> [Saved entries]
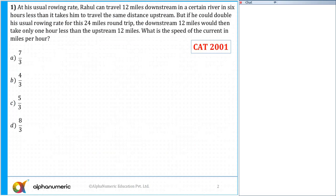Which is in front of his team - what is the correct answer of question number one? Anyone who can tell me the correct answer? Gagan, Priyanka? The correct answer for this question is option number D, which is equal to 8 by 3.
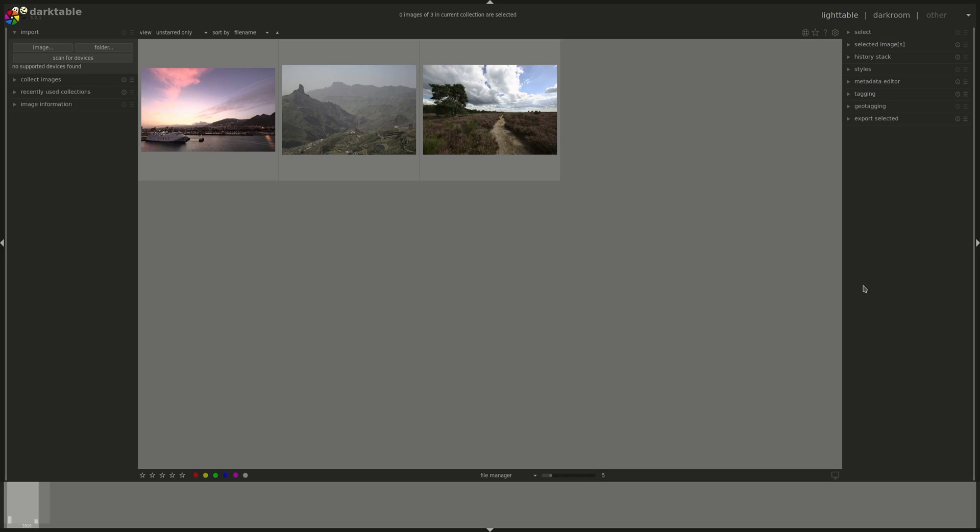Hello everyone, my name is Hal and this is the third installment in the DarkTable from A to Z series. Today we're going to pick up where we left last time and continue our discussion on Light Table.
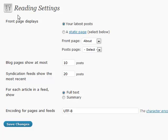All right, reading settings. There's a couple of different options here for not only reading your blog, but also feed reading with RSS and syndication.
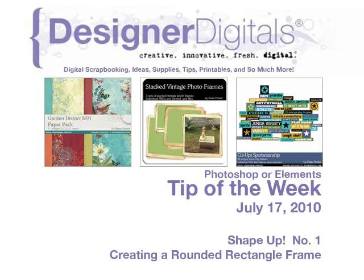Hi, and welcome to Designer Digital's Tip of the Week, July 17, 2010. This week, shape up number one, creating a rounded rectangle frame.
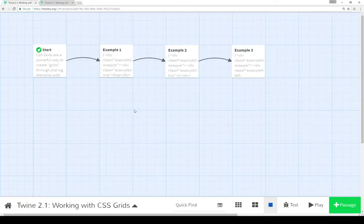Welcome to a tutorial video with Twine 2.1. In this video, I'm going to go over how to work with CSS grids.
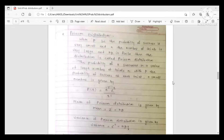Hello, dear students. This is your Engineering Mathematics 3 lecture. Today's topic is Poisson distribution. This topic is from the fourth unit: probability and probability distributions. In the previous lecture, we discussed binomial distribution; now we move to Poisson distribution.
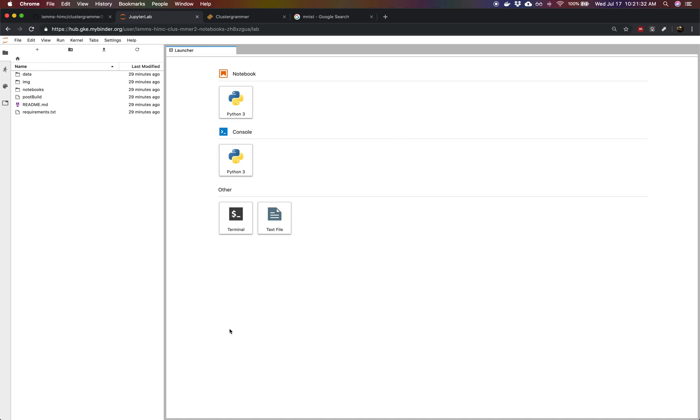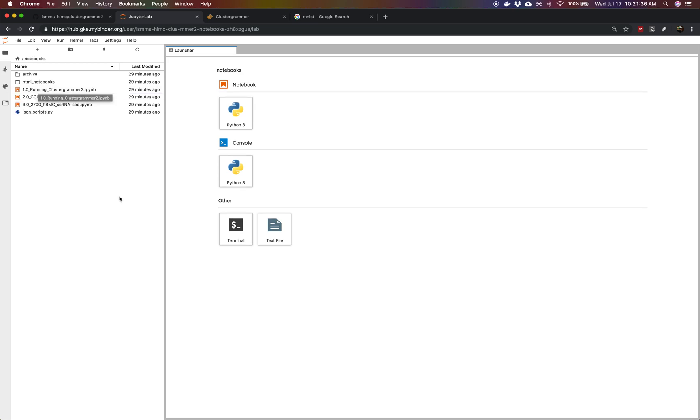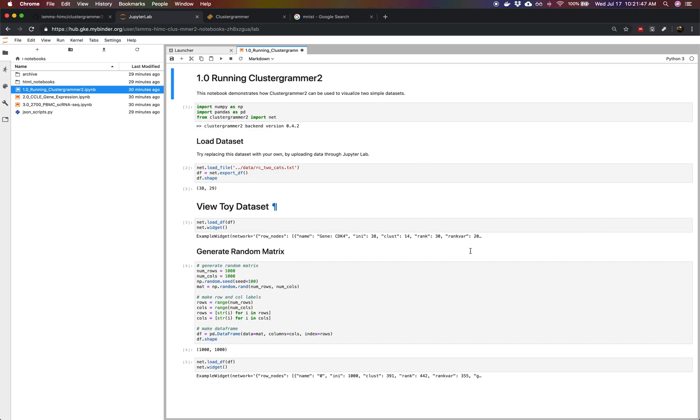From this, we can launch the notebooks that we have in our repository. If we double click the notebooks folder, we see three notebooks. We're going to start with the 1.0 running ClusterGrammar 2. If we double click that, it takes us to the notebook and starts up a Jupyter kernel and a Python kernel.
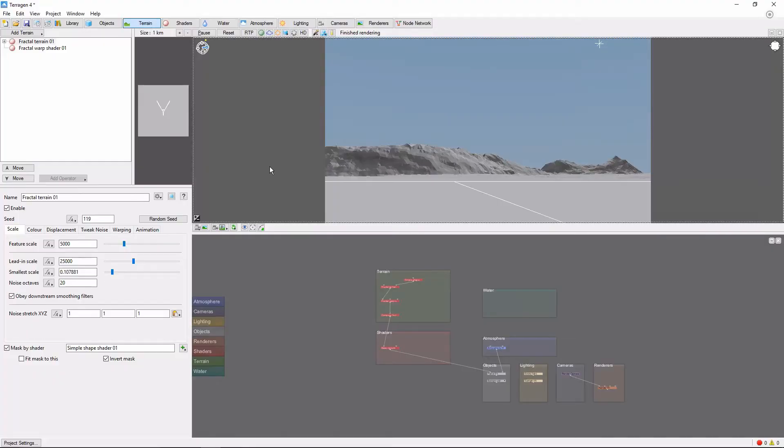Hey, this is TerraTootz with a quick tutorial on adding clouds to a scene in Terrigen 4. Clouds are an easy way to make the sky of your Terrigen scene a bit more interesting.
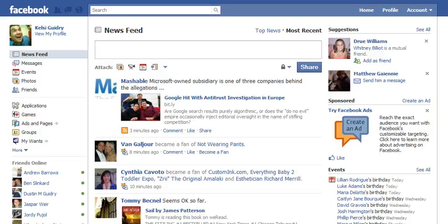Hello, this is Kelsey Guidry with SocialWants.com and I am here today to go over a simple little function for Facebook to help people who are maybe new to Facebook or simply just never heard or saw this function and how it's used.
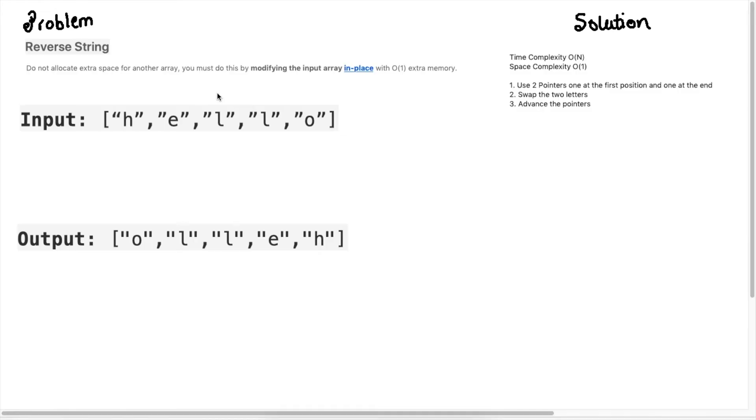If you're new here we solve a lot of problems on this channel and today we're gonna be looking at the reverse string problem. This is a really interesting problem when you use the two-pointer solution to solve it and that's exactly what we will be doing today. I hope this video helps you understand the question and let's get started.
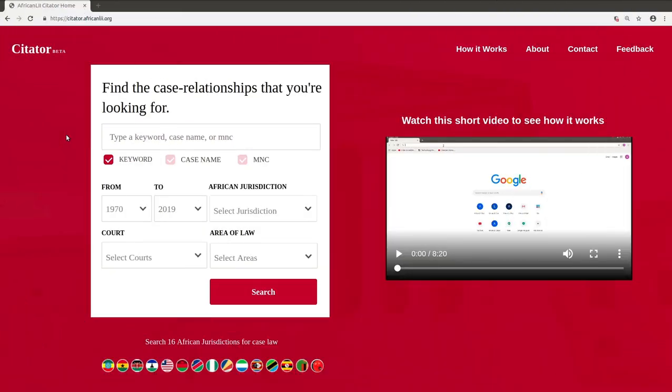Welcome to the home page of the Citator application. The Citator application lets you search for case law and case relationships.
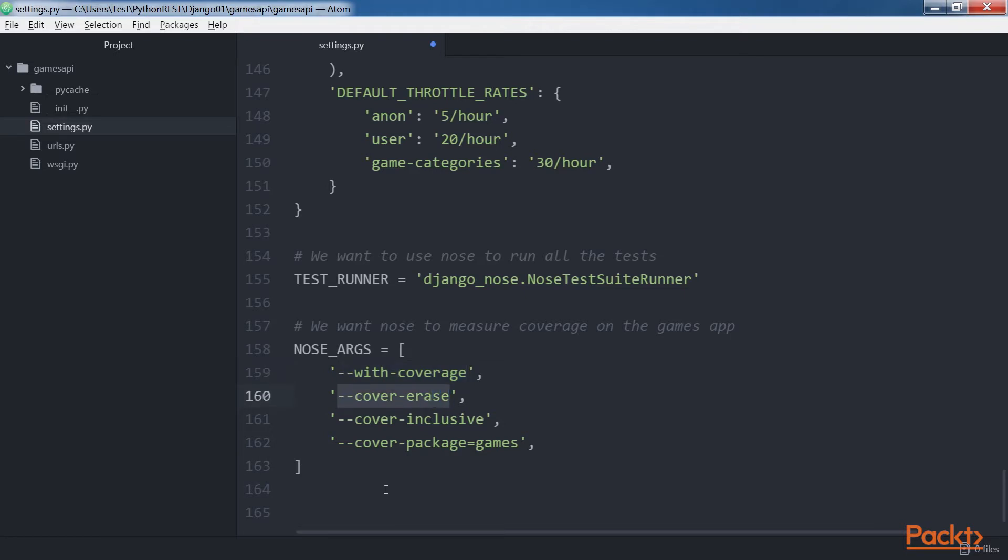The cover-erase option makes sure that the test runner deletes the coverage test results from the previous run. The cover-inclusive option includes all the Python files under the working directory in the coverage report.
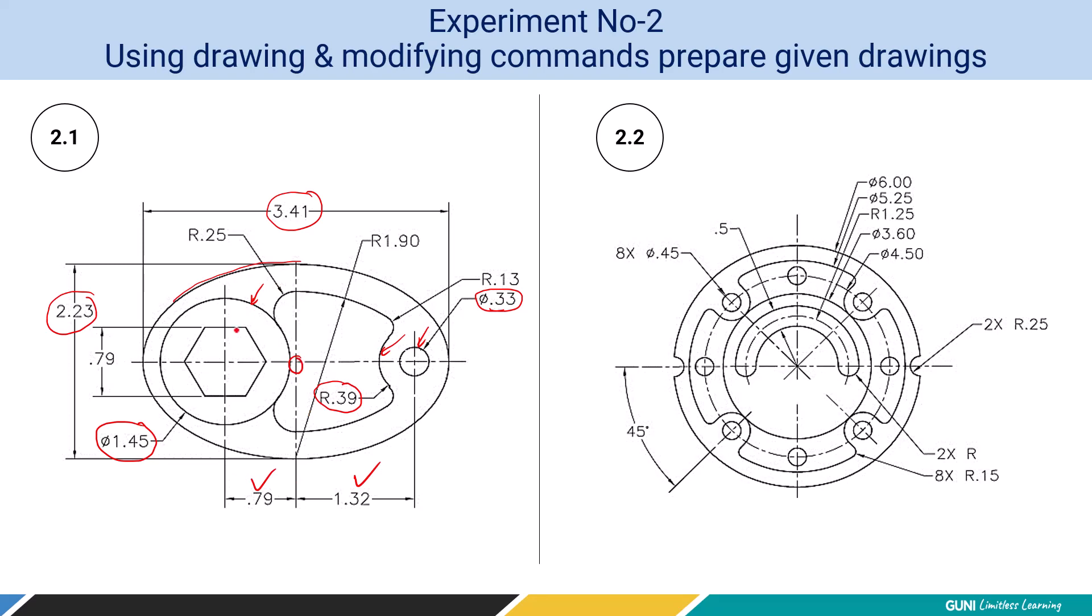After that, we try to draw the hexagon which has dimension of 0.79. Here the dimensions are given from center to side, so we have to use circumscribed options of polygon. If you look carefully, the upper part, this curvy part having arc and another arc, is symmetric about horizontal axis. We are going to draw this part and then mirror it for the bottom part. Let's switch over to complete this exercise in AutoCAD.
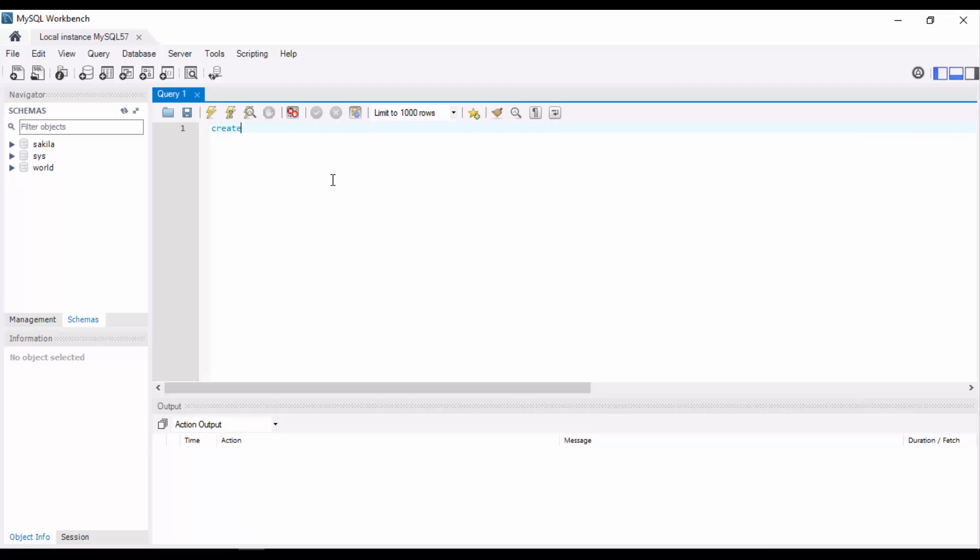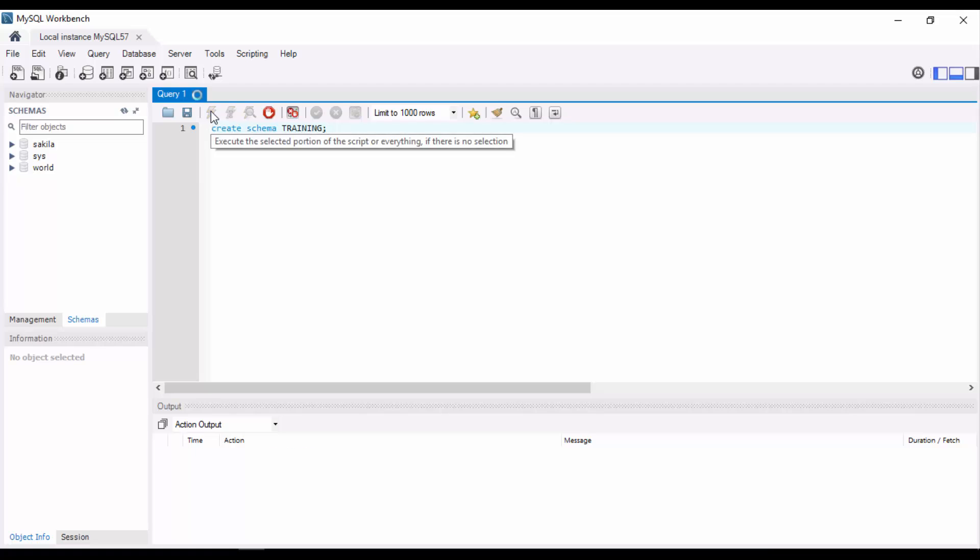Let me keep the schema name as 'training'. Let's execute it. After executing the query, you can just go and refresh the schemas, and you can see the schema over here.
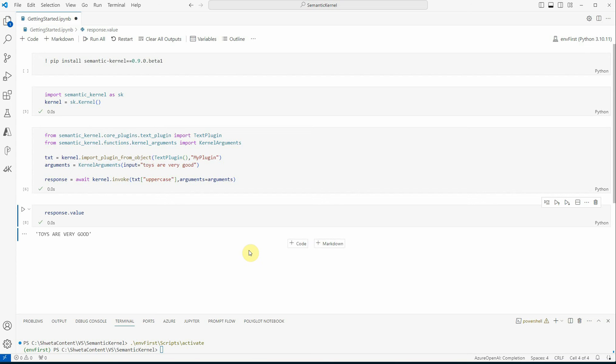In my next video I'll show you how to invoke a prompt — how you can use OpenAI by taking a prompt from a file and invoking it using Semantic Kernel. For this video let's keep it simple. To summarize: we've seen what extensions to install to work with Semantic Kernel, and how to invoke existing out-of-the-box functions using plugins. Do let me know in the comments what videos you're looking for with respect to Semantic Kernel. Thanks for watching!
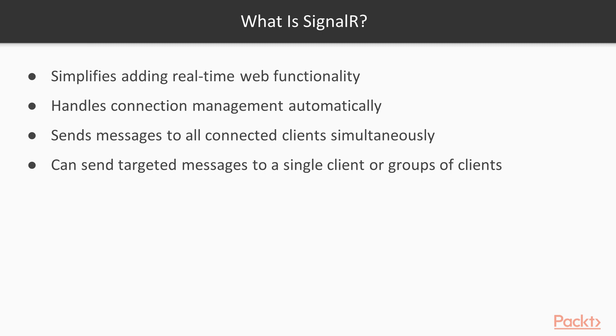Or suppose we're coming up with chat functionality, and we just want one user to talk to another user. We can send a targeted message from one user through the server to another user, and they can chat back and forth privately. Or we could send it to a group of clients, and we could have a broadcasted chat, something like a webinar going on, and SignalR would make that a fairly simple matter to set up.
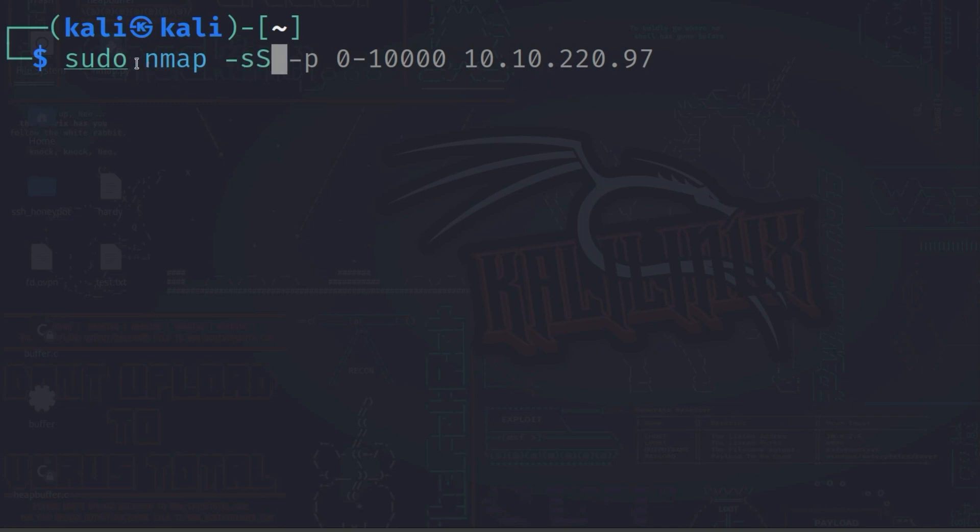However, this method requires root privileges because raw socket access is needed.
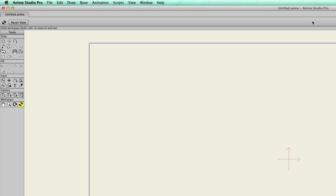In Anime Studio, you can easily import Poser scenes into your project files. For those of you who don't know, Poser is a 3D animation and character creation software produced by Smith Micro. So it makes things easy when it comes to bringing project files from Poser over to Anime Studio.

> [WHAT TO DO] Above are the records; copy exactly the lines from the one with "From this, we" through the one with "Hey, this is", including both, and nothing more. Leave out pictures.

> [EXPECTED OUTPUT]
From this, we can launch the notebooks that we have in our repository. If we double click the notebooks folder, we see three notebooks. We're going to start with the 1.0 running ClusterGrammar 2. If we double click that, it takes us to the notebook and starts up a Jupyter kernel and a Python kernel.
Hey, this is TerraTootz with a quick tutorial on adding clouds to a scene in Terrigen 4. Clouds are an easy way to make the sky of your Terrigen scene a bit more interesting.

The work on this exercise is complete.